What patient groups have been tested with sapropterin?

Which patients received sapropterin in clinical studies

Sapropterin has been tested mainly in children and adults with phenylketonuria (PKU) who show some response to the drug. Studies included newborns, toddlers, children, adolescents, and adults with confirmed BH4-responsive PKU.

What age ranges and phenotypes were covered

Age groups ranged from newborns under one week old to adults over 50. Tested phenotypes included classic PKU, mild PKU, and mild hyperphenylalaninemia.

How many patients and what trials supplied the data

Key trials enrolled several hundred patients across the PKU-001, PKU-003, and PKU-004 studies, plus extension phases. These covered short-term efficacy, long-term safety, and growth outcomes in young children.

How does sapropterin work in tested groups

Sapropterin acts as a synthetic form of tetrahydrobiopterin (BH4), helping the deficient phenylalanine hydroxylase enzyme in responsive patients to lower blood phenylalanine levels.

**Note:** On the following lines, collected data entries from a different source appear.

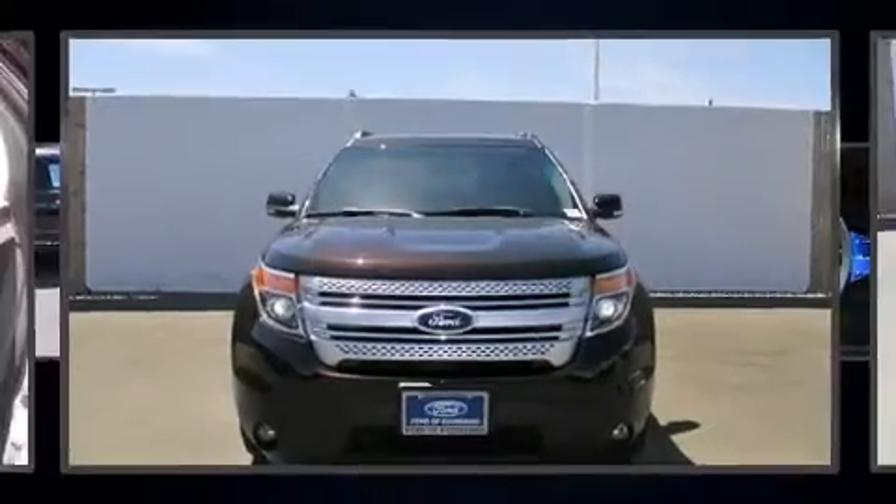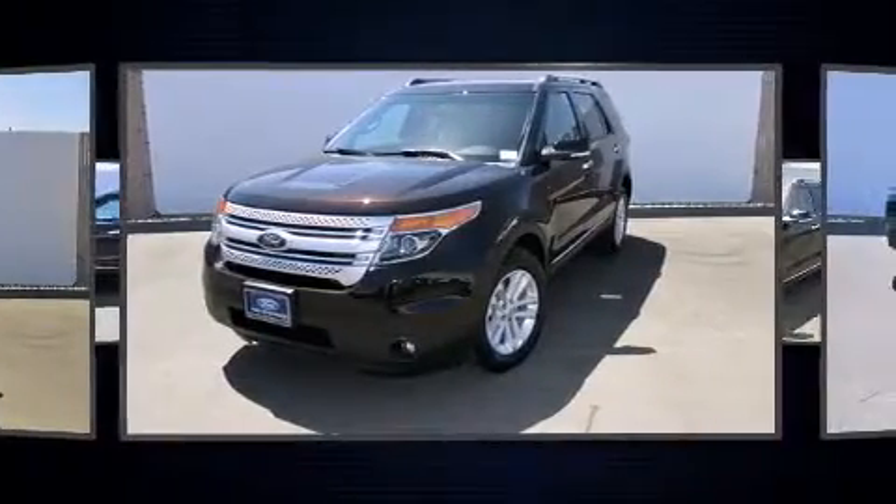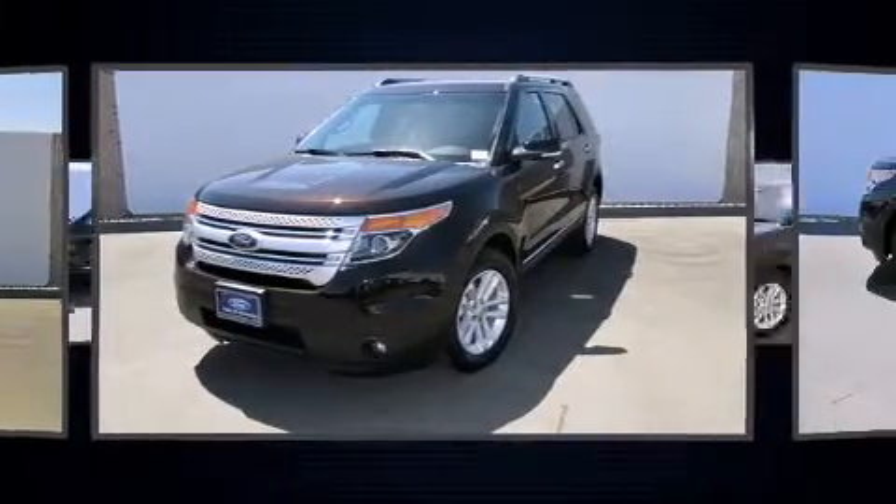Take command of the road in the 2014 Ford Explorer. It features four-wheel drive capabilities, a durable automatic transmission, and a 3.5-liter six-cylinder engine.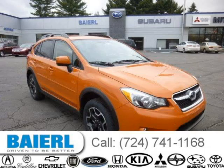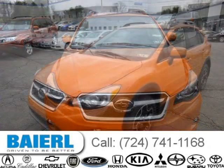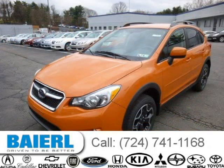This 2014 Subaru XV Crosstrek SUV is located in Pittsburgh, Pennsylvania and has 1 mile on it. This Subaru XV Crosstrek has a beautiful tangerine orange pearl exterior paint color, which is complemented by a black interior color.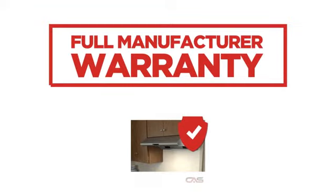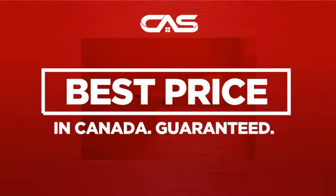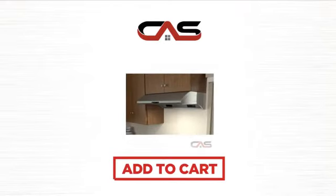Backed with a full manufacturer warranty and only at Canadian Appliance Source, you get this ventilation system at the best price in Canada. Plus, it can be delivered within 48 hours. Order online or get it at one of our showrooms in Canada. Click to order now or check out our hot deals at Canadian Appliance Source.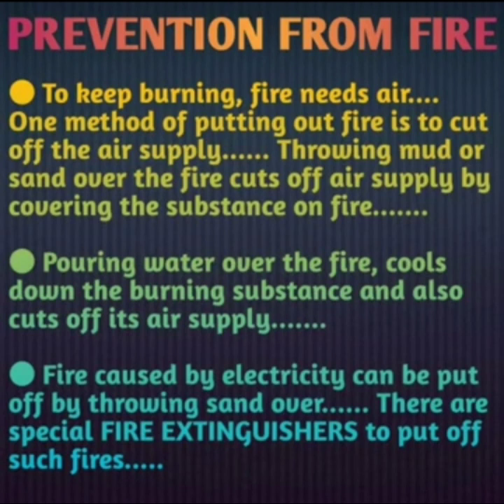Pouring water over the fire cools down the burning substance and also cuts off its air supply. When water is poured on the burning substance, the temperature will lower and ultimately the fire will be extinguished.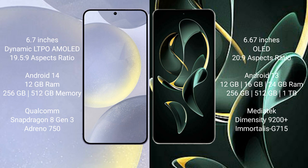Samsung Galaxy S24 Plus runs on the Android 14 operating system. Redmi K60 Ultra runs on the Android 13 operating system.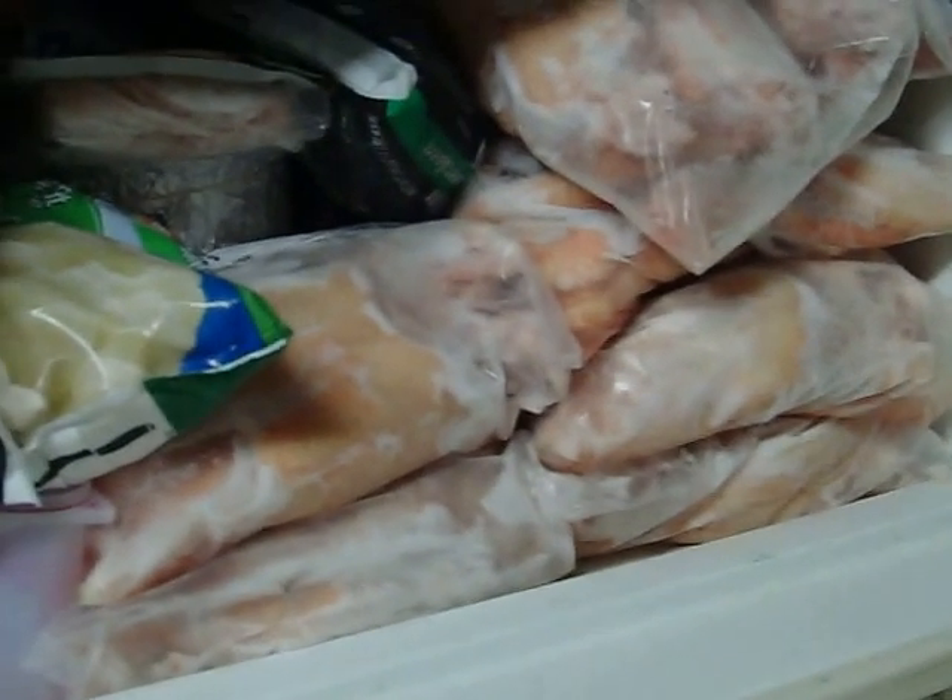This is our big, old, ancient freezer. And then in the top of our refrigerator, we have all kinds of vegetables, but we also have two bags of chicken breasts, one bag of necks and backs, one bag of wings, and two bags of legs and thighs.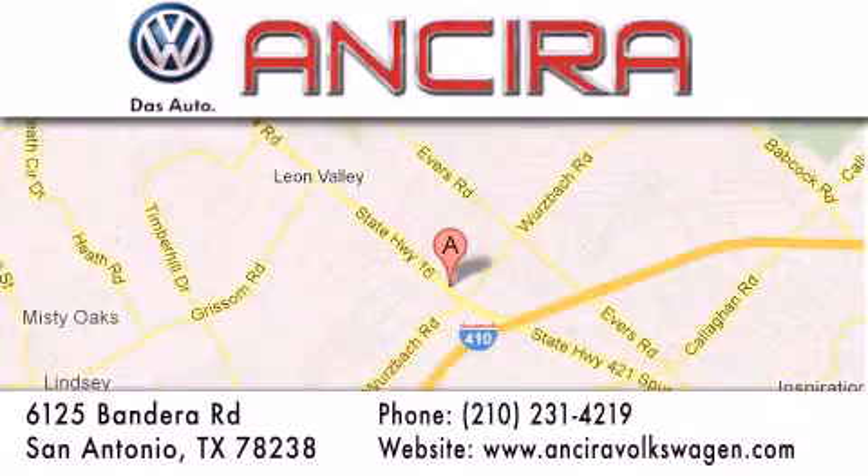Come by and experience the Ancira Volkswagen difference today. When you think of Volkswagen, think Ancira Volkswagen.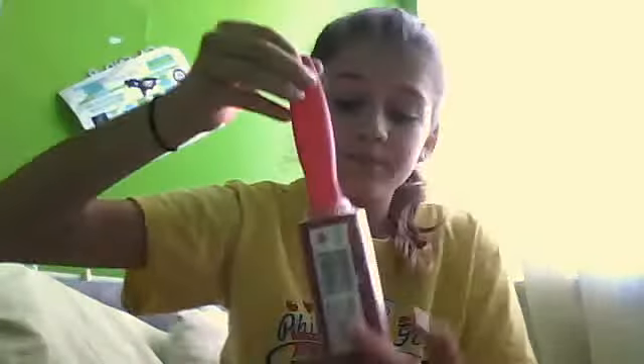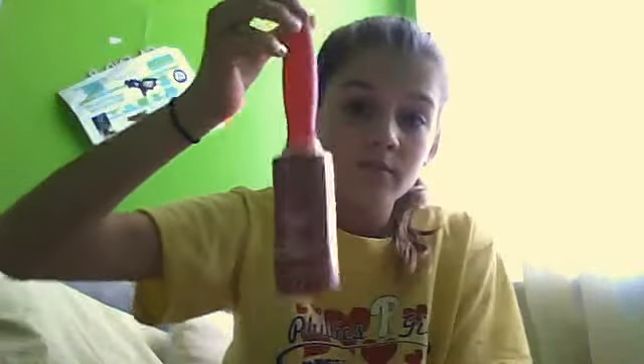Whenever I go to school, my school pants always have fuzz on them because of my dog. He's a short-hair dog but he still sheds sometimes, and there are always little dust things on my pants. I know people say just use tape, but I needed a lint roller because I don't feel like ripping a tiny piece of tape every day. And it's pink, so that makes the whole thing awesome.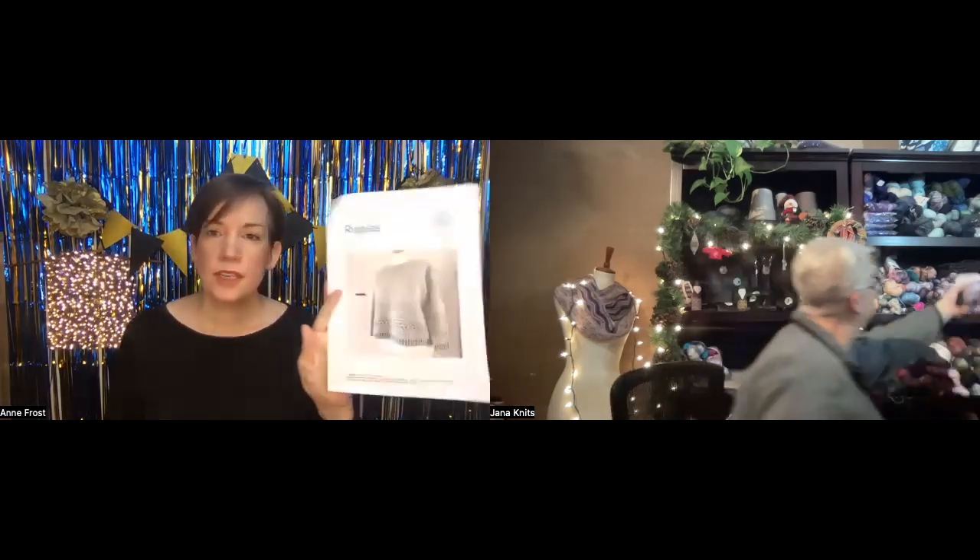You can find it on Ravelry or the Uredale site. It's six contrasting colors at 25 gram balls for any size, and then the background color is 300, 350, or 400 grams depending on size - extra small through extra large. I'll have to go look and check how many contrasting color amounts I'd need.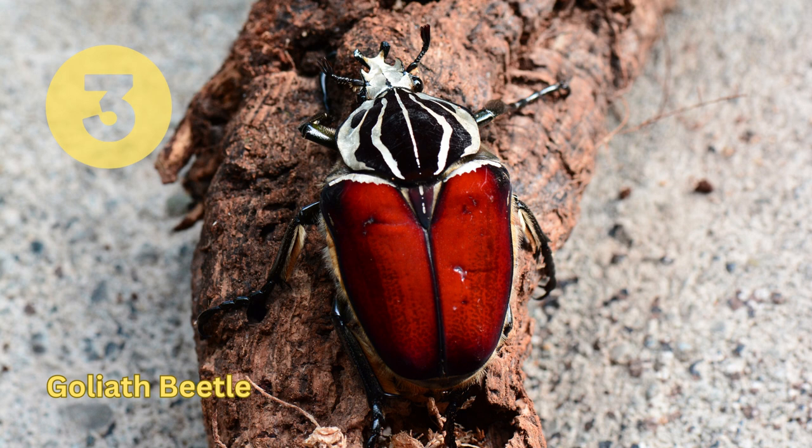Goliath Beetle. Found in tropical Africa, this species is one of the largest beetles in the world, measuring up to 4 inches (10 centimeters) long. They feed on tree sap and fruit, and are often kept as pets or for use in beetle fights.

What happened if patients were non-responsive

Non-responsive patients showed no meaningful drop in blood phenylalanine after one month of treatment. Studies therefore focused only on those who responded after an initial test dose.

Can sapropterin be used in infants and newborns

Yes. Data from infants as early as a few days old showed that the drug was well tolerated and maintained growth parameters.

What side effects were patients in these groups reported asking about

Patients and families asked about gastrointestinal upset, headache, and nasal congestion. These occurred at rates similar to or higher than placebo in some studies.

Who makes sapropterin and when does patent expire

BioMarin manufactures sapropterin under the brand Kuvan. Patents expired in Europe in 2017 and the U.S. patent main compound protection ended around 2020, allowing biosimilar entry.